Gow, K. (1996). Making a god of self-esteem: the tyranny of misdirected sentiment.

Gow’s article deals with the premises underlying the issue of Self Esteem as it was defined and taught by the Values Clarification Movement of the sixties and the Political Correctness Movement of the nineties. Both movements hold that it is improper for teachers to indoctrinate their students with certain values.
The purpose of the article is to show that a proper view of self as a whole person requires a moral vision, not merely a set of moral ideals. Gow emphasizes the difference between moral ideas and moral vision. Ideals are external concepts, objectives towards which one may strive. Vision indicates involvement and personal experience. An ideal can be dismissed as simply that. A vision cannot be dismissed because it is experienced, it is alive and personally compelling. Moral ideals can be taught, moral visions are ‘caught’.

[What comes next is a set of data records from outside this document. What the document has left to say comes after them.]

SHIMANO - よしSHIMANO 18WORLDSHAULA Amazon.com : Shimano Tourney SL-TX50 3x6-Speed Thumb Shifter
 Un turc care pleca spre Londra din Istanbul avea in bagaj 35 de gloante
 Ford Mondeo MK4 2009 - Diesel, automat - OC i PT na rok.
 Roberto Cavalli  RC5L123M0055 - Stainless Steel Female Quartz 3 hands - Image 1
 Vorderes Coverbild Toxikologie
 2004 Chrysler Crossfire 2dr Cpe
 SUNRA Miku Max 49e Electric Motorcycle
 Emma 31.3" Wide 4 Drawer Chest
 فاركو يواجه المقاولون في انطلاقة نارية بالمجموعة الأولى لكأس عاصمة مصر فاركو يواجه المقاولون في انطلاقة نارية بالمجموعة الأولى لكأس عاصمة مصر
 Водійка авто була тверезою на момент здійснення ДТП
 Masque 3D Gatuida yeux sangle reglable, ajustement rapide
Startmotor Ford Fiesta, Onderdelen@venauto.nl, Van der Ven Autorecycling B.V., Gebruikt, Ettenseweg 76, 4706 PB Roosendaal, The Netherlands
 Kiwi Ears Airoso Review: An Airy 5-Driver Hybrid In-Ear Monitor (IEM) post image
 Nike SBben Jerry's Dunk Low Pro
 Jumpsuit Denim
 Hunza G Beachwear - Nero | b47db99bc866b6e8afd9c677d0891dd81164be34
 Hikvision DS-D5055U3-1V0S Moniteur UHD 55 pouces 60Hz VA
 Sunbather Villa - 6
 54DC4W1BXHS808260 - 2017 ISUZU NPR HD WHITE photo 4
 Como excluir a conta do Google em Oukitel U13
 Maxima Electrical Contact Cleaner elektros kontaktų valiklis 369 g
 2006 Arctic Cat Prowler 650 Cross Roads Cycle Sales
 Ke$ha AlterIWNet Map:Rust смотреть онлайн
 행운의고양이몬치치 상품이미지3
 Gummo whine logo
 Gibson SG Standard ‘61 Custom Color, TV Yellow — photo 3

Gow uses Math instruction to examine the role of methodology. She wants to show that the fear of indoctrination is usually based on misunderstanding of what accepting values and ‘doctrines’ really means. Math teachers set as their main goal the development of their students’ a math ‘sense’. This is the awareness that they are dealing with fundamental realities, that Math is a holistic endeavour. While the teacher realizes that basic mathematical theorems and truths are important, he will not present them to be learned by rote, rather he provides an experience by which the students begins to uncover and discover this reality by themselves. The Math teacher realizes that mere learning of rules will not help the student to use Math as an integral part of life. It is only as the students are given the opportunity to test these theorems, in the sense that they embrace and personally experience their reality that they may genuinely validate their truths and know why and to what end they may apply them meaningfully and creatively in problem solving. Emphases of this experience helps the students to move from a focus on getting the right answers to a connection with Math’s universal and holistic nature. It is important to stress the goal of developing this Math sense, because without it the students will become increasing disenchanted and disengaged from investing themselves in it as a serious endeavour.
The parallels with the teaching of moral values are clear. For students to validate and commit to a certain value they first has to have the opportunity to test and experience that value personally. Without that opportunity for testing the students will see these principles as ‘ponderous rules and abstractions’. They may be taught as ‘obvious fact’ but they will have no real meaning for the student because they have no personal connection.
Moral vision is taught, or rather, caught in relationships. It is in relationships that one knows compassion, not merely as a desirable ideal, but as a personal experience. One can therefore connect with it as having reality and intrinsic validity.
Now the matter of indoctrination becomes clear as well. I cannot indoctrinate someone with a value that has become part of me. It will be obvious that it is not just an external ideal that I want my student to adopt, but that it is part of my own experience. If, through experience and testing, I have adopted compassion as an important value, I will not teach it as an ideal but my students will catch it as a vision because I have become a compassionate person. I will be compassionate even when it is difficult. It has become for me a deep and consistent commitment of will and heart.
Gow’s comparison to Math instruction is a powerful metaphor that has the potential to convince readers of the need to live values more that teach them. Her article provides fresh insights that speak to the issues of value indoctrination. Her references to methodologies will be a valuable guideline during formulation of my research instrument.